Action item:
Reproduce every entry below precisely; do not include the pictures.

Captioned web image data
——————————

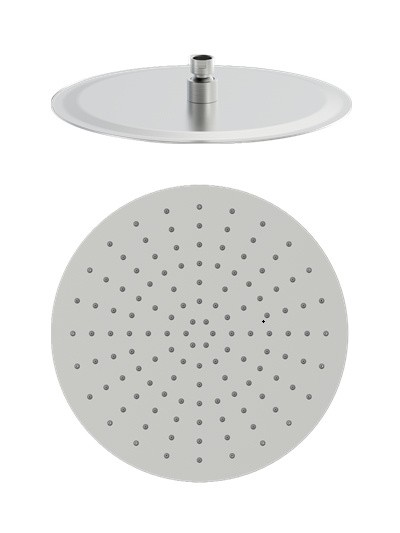 Верхний душ, Wonzon &amp; Woghand, WW-88DP04-BN цвет: никель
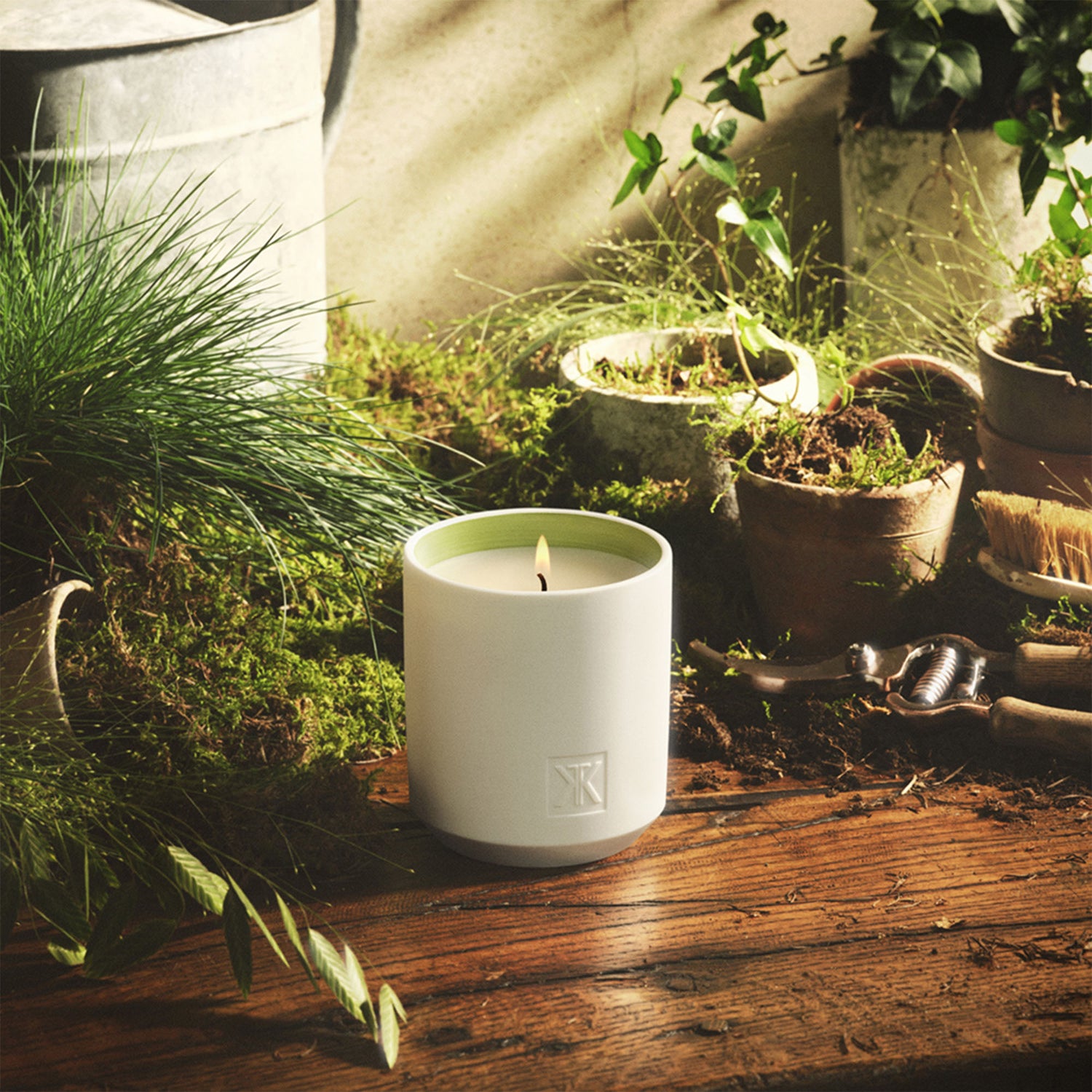 la trouverie scented candles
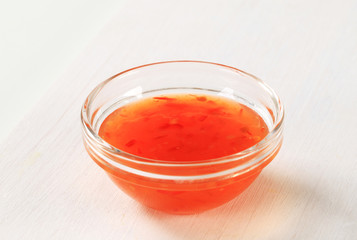 Sweet chilli sauce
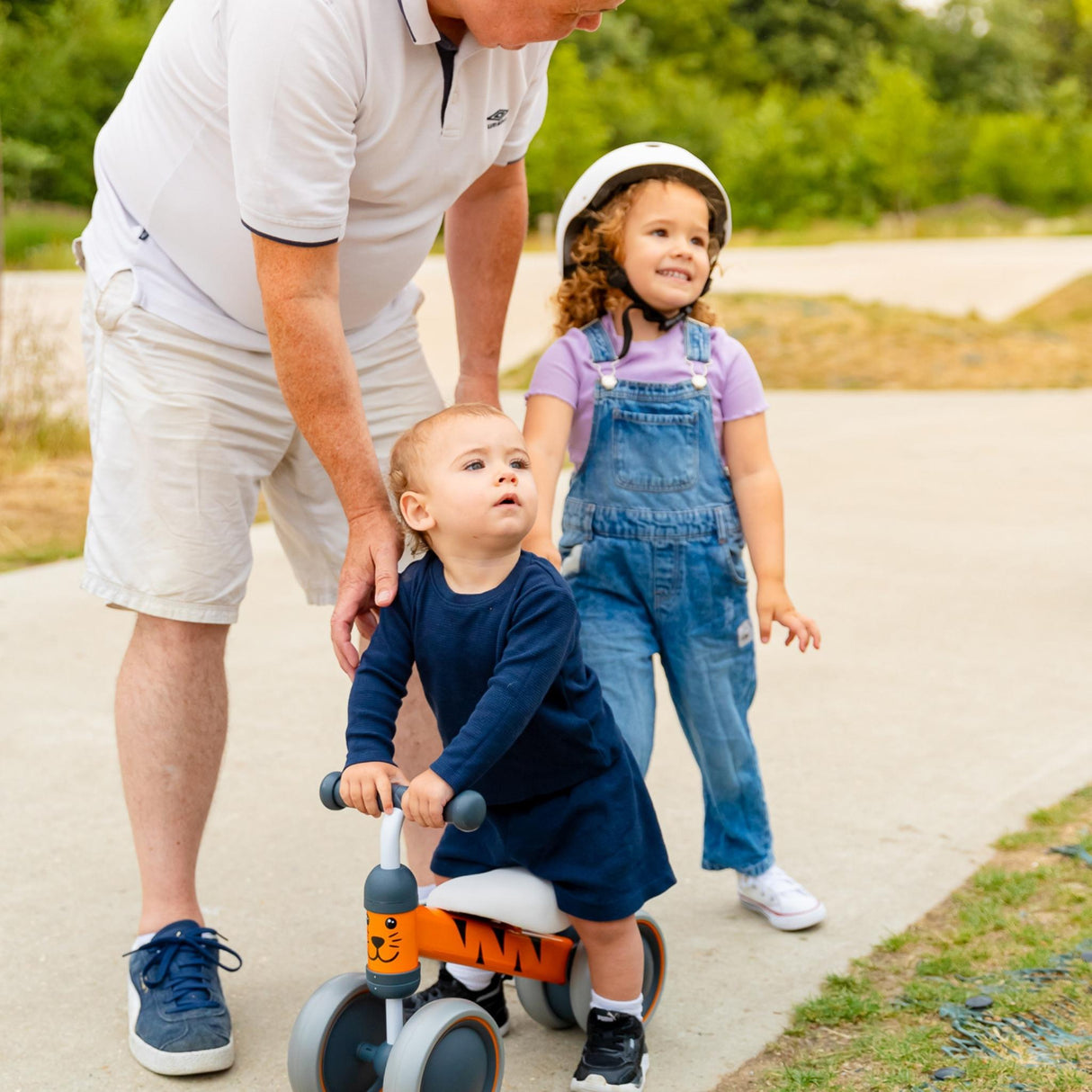 BoldCube Baby Balance Bike – Benny Tiger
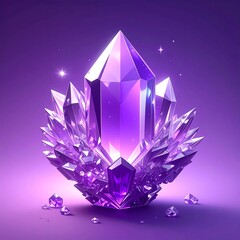 Amethyst Crystal Cluster - A Gemstone of Mystical Beauty and Healing.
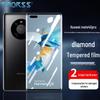 Smorss 3D Curved Tempered Glass Screen Protector for Huawei Mate 40 Pro Series (2-Pack)
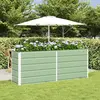 vidaXL Vidaxl Jardinière Vert Pastel 480 X 50 X 45 Cm Acier Galvanisé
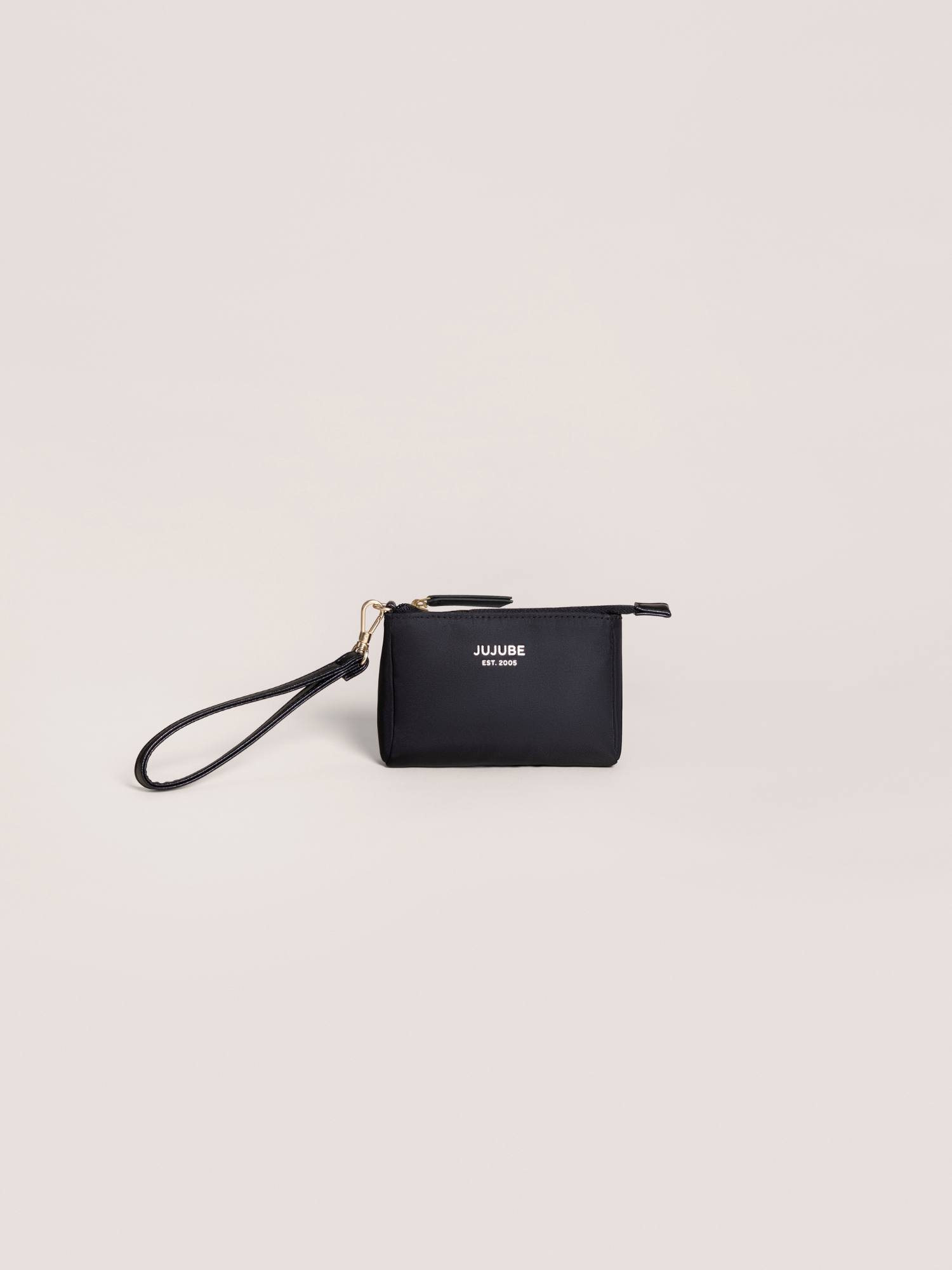 JuJuBe 3-Piece Pouch Clutch Purse Set - Black- Bambi Baby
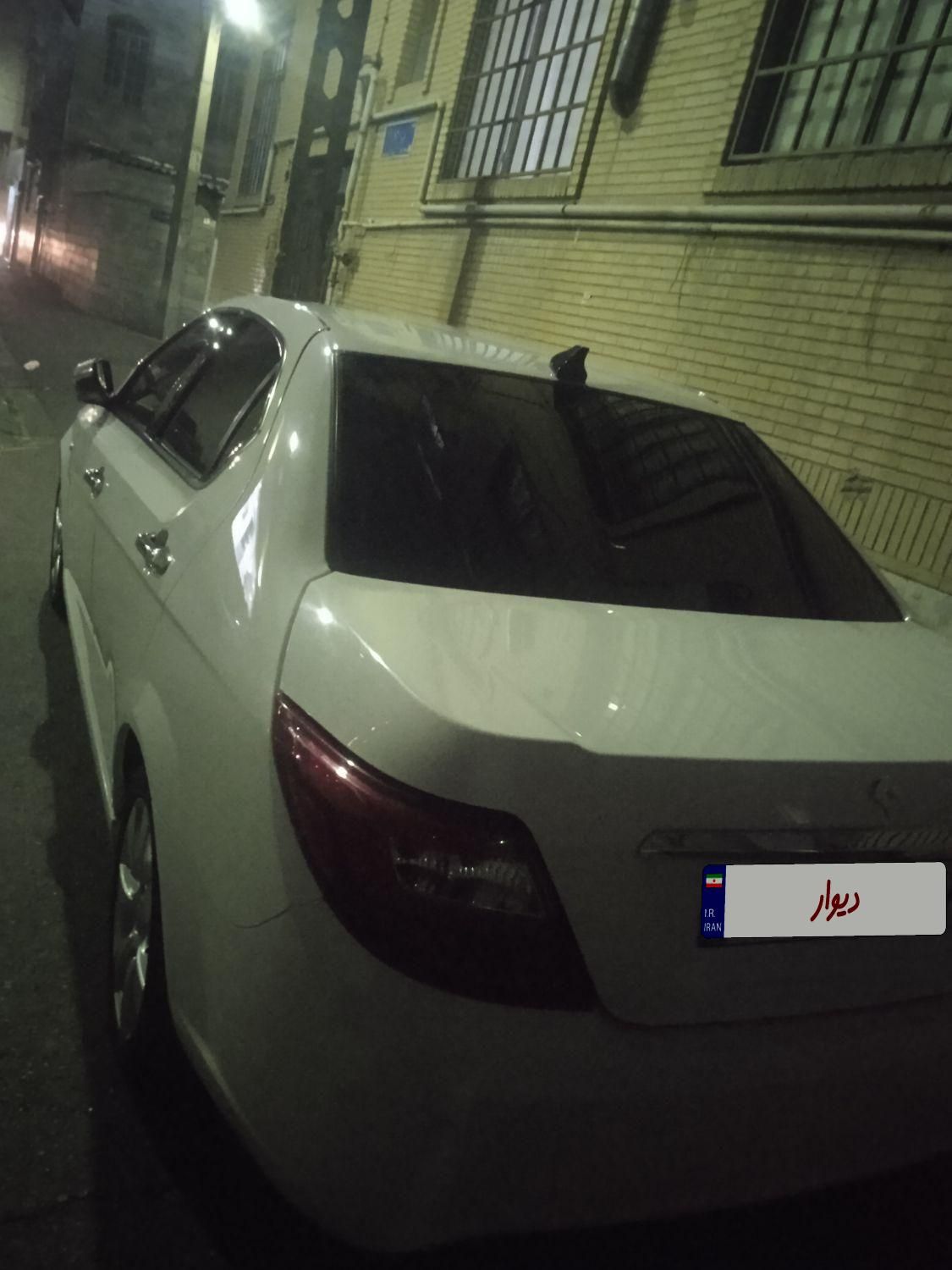 دنا پلاس توربو شارژ اتوماتیک اتوماتیک توربو - 1402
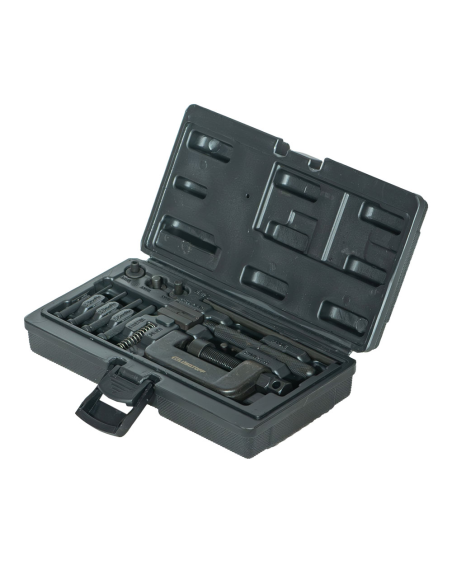 Set 13 Pzs Cortadora Remachadora De Cadena L1014 Lusqtoff
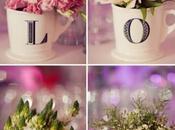Centres table mariage LOVE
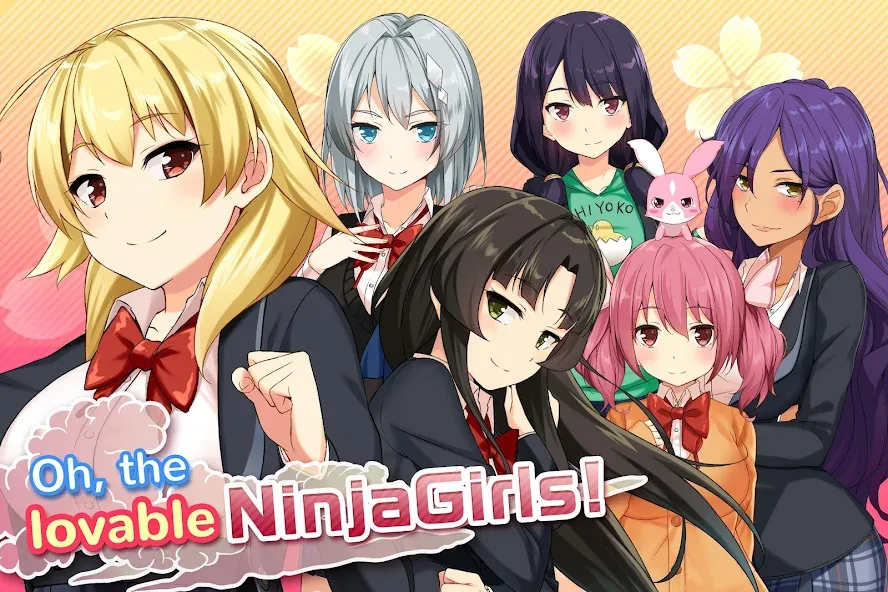 Moe! Ninja Girls/Sexy School  [МОД Mega Pack] Screenshot 3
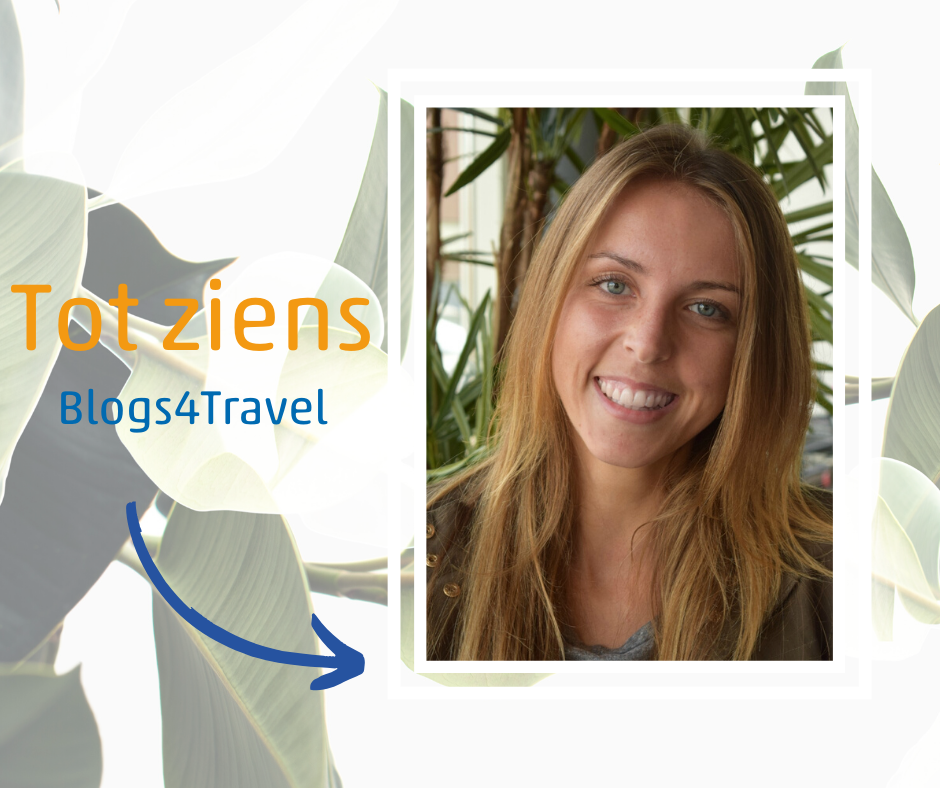 Een nieuwe stap: tot ziens Blogs4Travel!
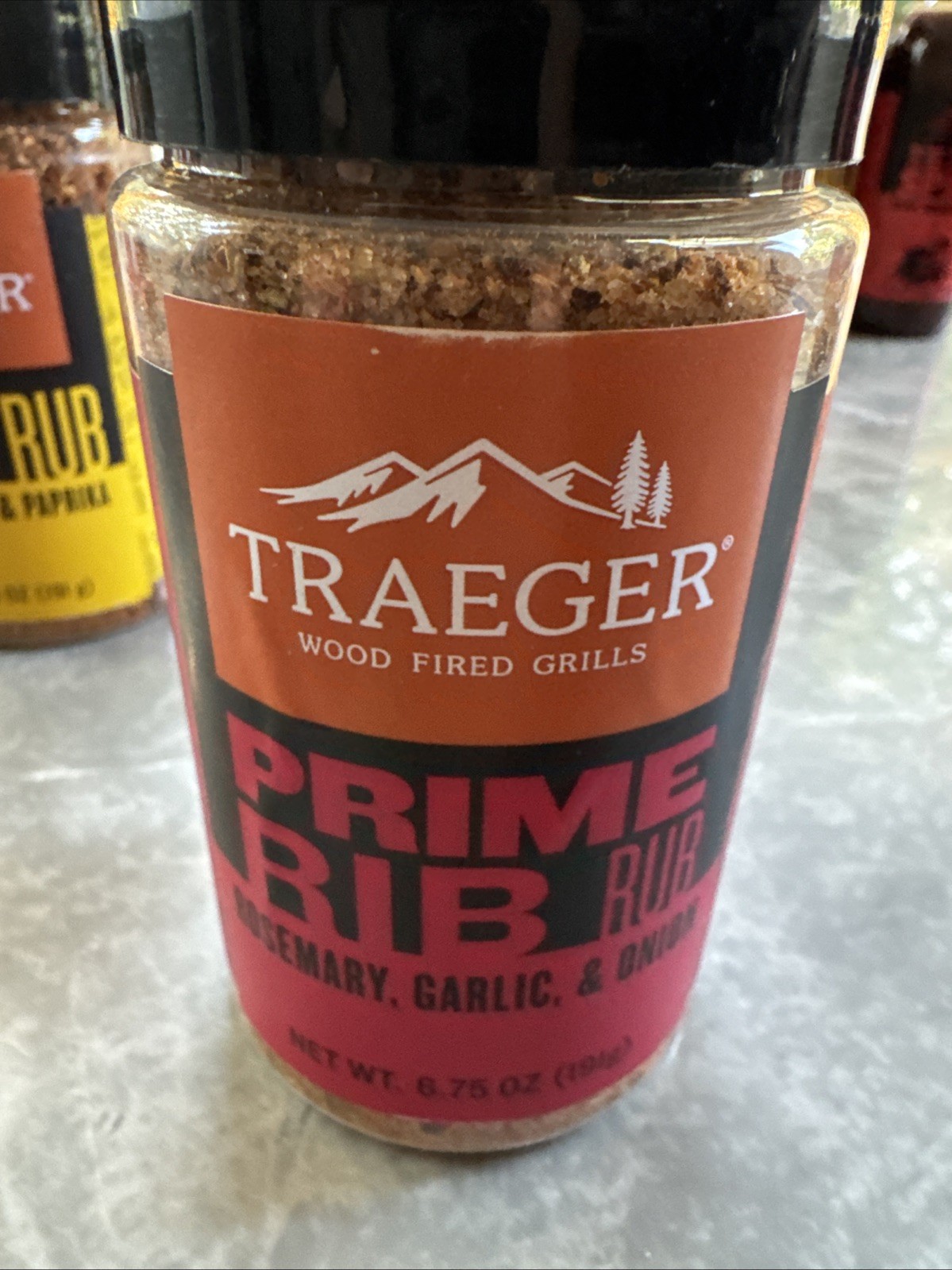 Chicken and Prime Rub Traeger Rub 6.75oz Each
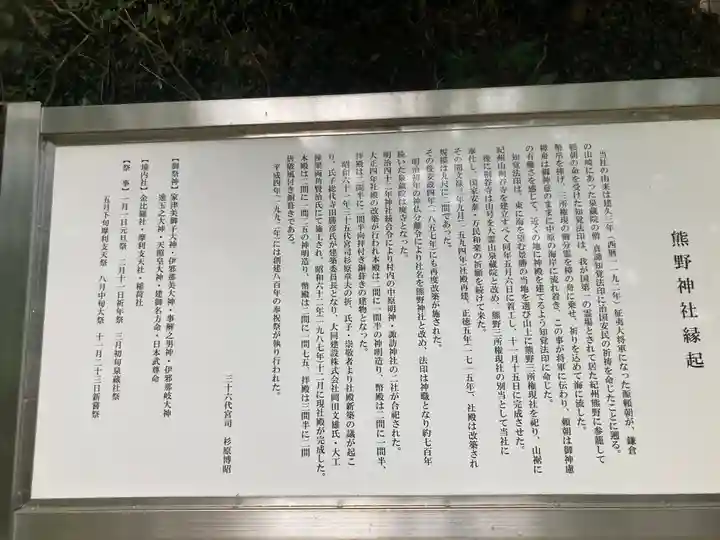 熊野神社(杉田・中原)(神奈川県)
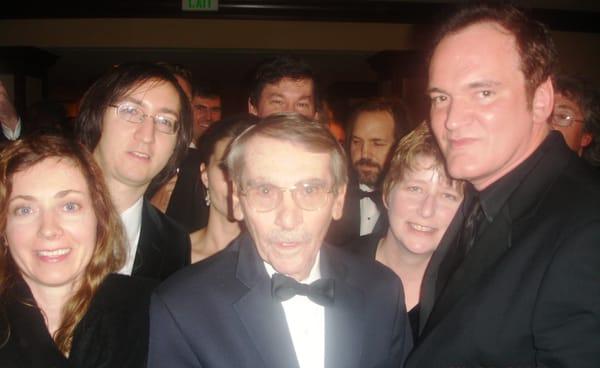 Students w Quentin Tarantino Access to Hollywood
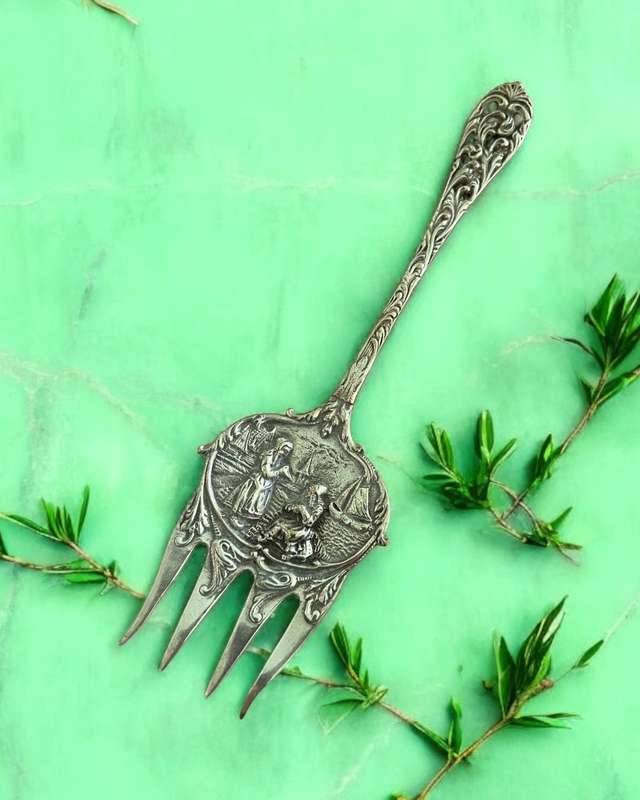 Pastry fork Dutch(nr7)
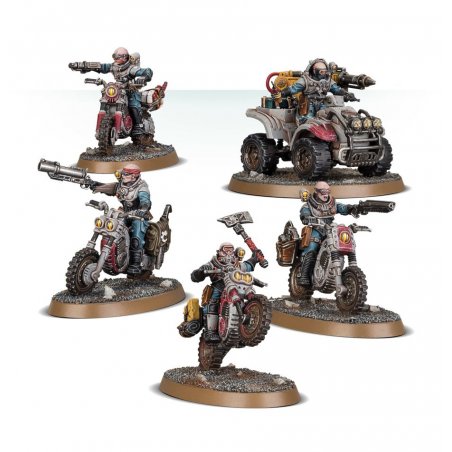 Games Workshop Atalan Jackals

——————————

Reply:
 Верхний душ, Wonzon &amp; Woghand, WW-88DP04-BN цвет: никель
 la trouverie scented candles
 Sweet chilli sauce
 BoldCube Baby Balance Bike – Benny Tiger
 Amethyst Crystal Cluster - A Gemstone of Mystical Beauty and Healing.
 Smorss 3D Curved Tempered Glass Screen Protector for Huawei Mate 40 Pro Series (2-Pack)
 vidaXL Vidaxl Jardinière Vert Pastel 480 X 50 X 45 Cm Acier Galvanisé
 JuJuBe 3-Piece Pouch Clutch Purse Set - Black- Bambi Baby
 دنا پلاس توربو شارژ اتوماتیک اتوماتیک توربو - 1402
 Set 13 Pzs Cortadora Remachadora De Cadena L1014 Lusqtoff
Centres table mariage LOVE
 Moe! Ninja Girls/Sexy School  [МОД Mega Pack] Screenshot 3
 Een nieuwe stap: tot ziens Blogs4Travel!
 Chicken and Prime Rub Traeger Rub 6.75oz Each
 熊野神社(杉田・中原)(神奈川県)
 Students w Quentin Tarantino Access to Hollywood
 Pastry fork Dutch(nr7)
 Games Workshop Atalan Jackals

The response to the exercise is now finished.